At what point does one stop adding weight when weightlifting

At what point does one stop adding weight when weightlifting

Author
Discussion

TameRacingDriver

Original Poster:

18,094 posts

273 months

Monday 24th September 2018
quotequote all
ORD said:
Sounds like you have run out of newbie gains. It simply gets harder at that point. Most people give up.
You could be right there... and I can see why one might wish to give up.

For the moment, I may try the recommendations on the website exrx.net which is to try 1 set of 8-12 reps of each exercise; although this is seldom ever something I see others recommending, this sounds more appealing from a point of view of boredom. I believe the repetition of multiple sets and then rest period is partly putting me off, which also takes more time, which doesn’t help with compliance to the programme, a point which that page addresses... and once you reach 12 reps, then add 5-10%. This will at least allow me to progress still without taking up too much of time or being too repetitive.

I will try this for now and see how I get on while I try and think of something more appealing....

Or at very least, maybe I should simply try a different activity periodically - i.e. heavy lifting, kettlebell training (I have one, just never use it), body weight, etc, just to try and keep things fresh.

MC Bodge

21,660 posts

176 months

Monday 24th September 2018
quotequote all
TameRacingDriver said:
Or at very least, maybe I should simply try a different activity periodically - i.e. heavy lifting, kettlebell training (I have one, just never use it), body weight, etc, just to try and keep things fresh.
This seems to be going around in circles.

You find lifting weights in the gym boring, there have been lots of suggestions, but you are now just going to vary the number of reps.

Why not go for a run/walk instead of somewhere that currently bores you? Throw in a few bodyweight exercises, pullups on a tree, climb up/jump over a wall, balance on the wall, jump off it, monkey bars in a playground or adult "trim trail", wade across a steam, climb a mountain, swim a lake, canoe a river, play football etc etc.

This forum tends to lean towards lifting weights/bodybuilding, but it may not be the thing for you.

It sounds from.what others have posted that you may have other things bothering too. I hope you can sort yourself out.

Find some joie de vivre!


Edited by MC Bodge on Monday 24th September 22:18

gregs656

10,905 posts

182 months

Monday 24th September 2018
quotequote all
TameRacingDriver said:
You could be right there... and I can see why one might wish to give up.

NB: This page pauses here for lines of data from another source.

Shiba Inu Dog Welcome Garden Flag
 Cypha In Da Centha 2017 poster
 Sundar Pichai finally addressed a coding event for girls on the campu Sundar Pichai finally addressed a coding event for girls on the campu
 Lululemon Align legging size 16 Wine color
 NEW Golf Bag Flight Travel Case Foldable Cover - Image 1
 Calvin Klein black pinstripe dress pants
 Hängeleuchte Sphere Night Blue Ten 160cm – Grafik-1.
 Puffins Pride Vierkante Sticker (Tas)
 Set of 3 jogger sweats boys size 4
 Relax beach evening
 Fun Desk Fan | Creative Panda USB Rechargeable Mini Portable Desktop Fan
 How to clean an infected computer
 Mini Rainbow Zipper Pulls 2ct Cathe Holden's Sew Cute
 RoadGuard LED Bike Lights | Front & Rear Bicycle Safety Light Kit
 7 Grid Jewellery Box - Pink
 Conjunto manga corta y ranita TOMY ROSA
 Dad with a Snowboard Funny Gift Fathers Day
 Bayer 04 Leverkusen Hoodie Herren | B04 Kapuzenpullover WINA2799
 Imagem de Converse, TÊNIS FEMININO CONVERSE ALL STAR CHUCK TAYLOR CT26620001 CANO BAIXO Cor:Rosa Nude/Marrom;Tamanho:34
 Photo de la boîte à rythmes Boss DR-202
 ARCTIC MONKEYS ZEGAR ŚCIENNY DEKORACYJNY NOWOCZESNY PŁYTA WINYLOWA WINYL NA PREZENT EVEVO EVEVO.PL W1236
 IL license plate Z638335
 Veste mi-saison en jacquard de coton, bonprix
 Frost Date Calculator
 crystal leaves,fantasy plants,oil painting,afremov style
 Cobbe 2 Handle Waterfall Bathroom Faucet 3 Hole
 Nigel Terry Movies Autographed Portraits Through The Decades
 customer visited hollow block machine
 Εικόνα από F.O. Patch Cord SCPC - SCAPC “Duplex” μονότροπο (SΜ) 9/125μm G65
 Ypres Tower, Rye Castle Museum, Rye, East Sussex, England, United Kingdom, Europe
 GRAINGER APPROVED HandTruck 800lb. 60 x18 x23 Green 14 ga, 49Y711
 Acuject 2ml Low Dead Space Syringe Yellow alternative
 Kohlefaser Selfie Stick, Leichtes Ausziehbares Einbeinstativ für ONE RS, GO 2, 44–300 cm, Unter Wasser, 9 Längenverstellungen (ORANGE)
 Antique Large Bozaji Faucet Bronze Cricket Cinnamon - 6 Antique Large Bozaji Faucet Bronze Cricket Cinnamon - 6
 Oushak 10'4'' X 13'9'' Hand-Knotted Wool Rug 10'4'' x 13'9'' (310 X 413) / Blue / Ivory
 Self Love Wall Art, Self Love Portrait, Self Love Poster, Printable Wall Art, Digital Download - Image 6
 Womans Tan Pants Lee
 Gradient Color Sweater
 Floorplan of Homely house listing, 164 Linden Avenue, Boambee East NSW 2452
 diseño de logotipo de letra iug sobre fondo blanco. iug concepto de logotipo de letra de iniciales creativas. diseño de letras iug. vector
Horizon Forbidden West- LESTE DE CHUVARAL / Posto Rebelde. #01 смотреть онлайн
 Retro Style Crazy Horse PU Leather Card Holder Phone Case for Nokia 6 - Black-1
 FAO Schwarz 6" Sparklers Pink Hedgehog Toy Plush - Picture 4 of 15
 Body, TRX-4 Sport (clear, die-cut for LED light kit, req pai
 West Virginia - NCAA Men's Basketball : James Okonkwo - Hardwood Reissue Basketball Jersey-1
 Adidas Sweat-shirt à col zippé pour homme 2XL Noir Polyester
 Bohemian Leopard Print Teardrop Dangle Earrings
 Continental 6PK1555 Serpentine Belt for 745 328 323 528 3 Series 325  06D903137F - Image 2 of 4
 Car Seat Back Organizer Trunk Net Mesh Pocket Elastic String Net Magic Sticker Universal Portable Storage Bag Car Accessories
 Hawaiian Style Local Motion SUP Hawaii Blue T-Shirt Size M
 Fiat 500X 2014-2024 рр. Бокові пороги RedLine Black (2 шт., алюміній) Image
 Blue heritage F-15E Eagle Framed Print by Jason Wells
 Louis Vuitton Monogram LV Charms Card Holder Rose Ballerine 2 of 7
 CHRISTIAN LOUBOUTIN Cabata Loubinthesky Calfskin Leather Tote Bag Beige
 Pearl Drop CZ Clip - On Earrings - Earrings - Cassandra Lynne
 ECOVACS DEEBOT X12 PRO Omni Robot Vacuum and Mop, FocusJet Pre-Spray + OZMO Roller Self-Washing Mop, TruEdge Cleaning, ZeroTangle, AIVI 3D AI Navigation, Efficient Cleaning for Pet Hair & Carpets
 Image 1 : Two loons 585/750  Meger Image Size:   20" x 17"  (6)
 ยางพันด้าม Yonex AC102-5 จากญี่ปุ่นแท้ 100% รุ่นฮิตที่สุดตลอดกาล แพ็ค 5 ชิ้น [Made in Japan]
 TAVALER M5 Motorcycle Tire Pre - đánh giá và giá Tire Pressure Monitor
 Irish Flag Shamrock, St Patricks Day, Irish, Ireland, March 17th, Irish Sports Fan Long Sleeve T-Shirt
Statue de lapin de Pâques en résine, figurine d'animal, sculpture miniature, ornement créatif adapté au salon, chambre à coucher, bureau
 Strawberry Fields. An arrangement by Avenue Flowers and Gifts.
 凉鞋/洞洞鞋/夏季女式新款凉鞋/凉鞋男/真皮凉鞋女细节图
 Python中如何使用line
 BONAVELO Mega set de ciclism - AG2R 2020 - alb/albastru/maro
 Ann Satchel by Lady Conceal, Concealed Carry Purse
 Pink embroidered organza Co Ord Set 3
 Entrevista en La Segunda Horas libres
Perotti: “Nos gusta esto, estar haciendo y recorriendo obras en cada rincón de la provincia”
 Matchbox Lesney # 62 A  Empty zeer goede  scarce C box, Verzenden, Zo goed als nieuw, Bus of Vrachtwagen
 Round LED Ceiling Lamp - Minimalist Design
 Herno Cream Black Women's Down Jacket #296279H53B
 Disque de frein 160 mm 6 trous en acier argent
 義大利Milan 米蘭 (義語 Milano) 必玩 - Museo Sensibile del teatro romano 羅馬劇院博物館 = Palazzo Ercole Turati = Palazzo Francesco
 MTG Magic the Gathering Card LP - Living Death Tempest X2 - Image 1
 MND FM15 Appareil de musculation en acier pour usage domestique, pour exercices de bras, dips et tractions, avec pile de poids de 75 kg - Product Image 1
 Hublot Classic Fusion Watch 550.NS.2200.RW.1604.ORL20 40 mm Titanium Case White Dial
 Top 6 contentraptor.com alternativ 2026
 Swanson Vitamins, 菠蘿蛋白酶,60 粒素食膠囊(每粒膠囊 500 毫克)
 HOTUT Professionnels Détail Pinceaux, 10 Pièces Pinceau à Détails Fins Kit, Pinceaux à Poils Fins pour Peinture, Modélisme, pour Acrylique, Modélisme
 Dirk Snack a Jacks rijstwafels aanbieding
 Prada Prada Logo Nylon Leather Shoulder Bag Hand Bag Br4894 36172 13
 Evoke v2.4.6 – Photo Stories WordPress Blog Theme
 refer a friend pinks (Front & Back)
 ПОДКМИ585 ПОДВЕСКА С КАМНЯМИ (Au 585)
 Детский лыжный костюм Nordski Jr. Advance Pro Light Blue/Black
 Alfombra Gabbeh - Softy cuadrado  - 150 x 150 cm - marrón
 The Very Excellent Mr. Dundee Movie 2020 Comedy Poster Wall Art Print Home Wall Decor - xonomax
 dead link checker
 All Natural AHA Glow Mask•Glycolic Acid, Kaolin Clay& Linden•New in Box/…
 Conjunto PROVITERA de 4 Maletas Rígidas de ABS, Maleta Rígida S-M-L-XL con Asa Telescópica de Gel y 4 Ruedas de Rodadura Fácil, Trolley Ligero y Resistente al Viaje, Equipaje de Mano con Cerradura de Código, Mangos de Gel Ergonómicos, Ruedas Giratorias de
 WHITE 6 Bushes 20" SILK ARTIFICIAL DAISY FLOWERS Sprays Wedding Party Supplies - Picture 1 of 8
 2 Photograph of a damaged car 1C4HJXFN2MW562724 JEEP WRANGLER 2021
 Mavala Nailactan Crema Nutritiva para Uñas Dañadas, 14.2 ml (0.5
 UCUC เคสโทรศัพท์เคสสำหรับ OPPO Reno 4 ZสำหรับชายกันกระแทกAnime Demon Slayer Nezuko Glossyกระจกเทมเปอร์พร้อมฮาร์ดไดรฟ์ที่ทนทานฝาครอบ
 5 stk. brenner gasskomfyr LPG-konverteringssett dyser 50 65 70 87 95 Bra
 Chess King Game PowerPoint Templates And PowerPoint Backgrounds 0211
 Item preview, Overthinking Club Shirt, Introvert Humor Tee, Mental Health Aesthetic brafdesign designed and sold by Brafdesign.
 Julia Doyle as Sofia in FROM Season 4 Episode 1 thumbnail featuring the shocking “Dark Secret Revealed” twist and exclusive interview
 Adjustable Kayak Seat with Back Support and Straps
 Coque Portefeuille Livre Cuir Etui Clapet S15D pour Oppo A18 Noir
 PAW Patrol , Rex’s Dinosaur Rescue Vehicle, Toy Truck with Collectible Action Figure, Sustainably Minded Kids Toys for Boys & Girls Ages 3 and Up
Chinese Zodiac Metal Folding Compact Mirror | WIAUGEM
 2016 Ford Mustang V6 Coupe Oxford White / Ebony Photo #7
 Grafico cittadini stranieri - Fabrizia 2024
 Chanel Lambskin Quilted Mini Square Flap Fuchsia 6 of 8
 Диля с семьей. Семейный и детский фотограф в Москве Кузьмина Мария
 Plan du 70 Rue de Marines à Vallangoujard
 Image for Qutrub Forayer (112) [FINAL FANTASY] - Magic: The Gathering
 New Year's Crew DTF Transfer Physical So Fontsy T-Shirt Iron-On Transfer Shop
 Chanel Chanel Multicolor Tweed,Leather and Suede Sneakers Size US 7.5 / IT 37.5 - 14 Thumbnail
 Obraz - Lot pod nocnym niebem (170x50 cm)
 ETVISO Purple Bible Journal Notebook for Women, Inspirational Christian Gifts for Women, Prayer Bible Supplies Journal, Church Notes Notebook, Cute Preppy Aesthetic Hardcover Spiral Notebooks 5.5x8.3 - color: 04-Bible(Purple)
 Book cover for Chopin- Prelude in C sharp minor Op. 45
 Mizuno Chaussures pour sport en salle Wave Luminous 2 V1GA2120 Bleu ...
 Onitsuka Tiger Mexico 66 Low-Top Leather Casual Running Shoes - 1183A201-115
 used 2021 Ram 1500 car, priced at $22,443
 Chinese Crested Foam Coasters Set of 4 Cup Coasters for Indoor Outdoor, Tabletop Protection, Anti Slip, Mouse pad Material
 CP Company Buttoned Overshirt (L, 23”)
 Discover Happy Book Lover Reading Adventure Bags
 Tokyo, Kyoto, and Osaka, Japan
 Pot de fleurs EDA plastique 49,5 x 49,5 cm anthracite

For the moment, I may try the recommendations on the website exrx.net which is to try 1 set of 8-12 reps of each exercise; although this is seldom ever something I see others recommending, this sounds more appealing from a point of view of boredom. I believe the repetition of multiple sets and then rest period is partly putting me off, which also takes more time, which doesn’t help with compliance to the programme, a point which that page addresses... and once you reach 12 reps, then add 5-10%. This will at least allow me to progress still without taking up too much of time or being too repetitive.

I will try this for now and see how I get on while I try and think of something more appealing....

Or at very least, maybe I should simply try a different activity periodically - i.e. heavy lifting, kettlebell training (I have one, just never use it), body weight, etc, just to try and keep things fresh.
A simple test for that would be - what weight did you begin pressing and at what point did you stall at 50kg?

Out of interest what would a typical weeks program look like with that method? Forgive me I’ve forgotten which program you do now?

You mention your bench often so where would you like to get with it? Pressing 100kg? Pressing your bodyweight?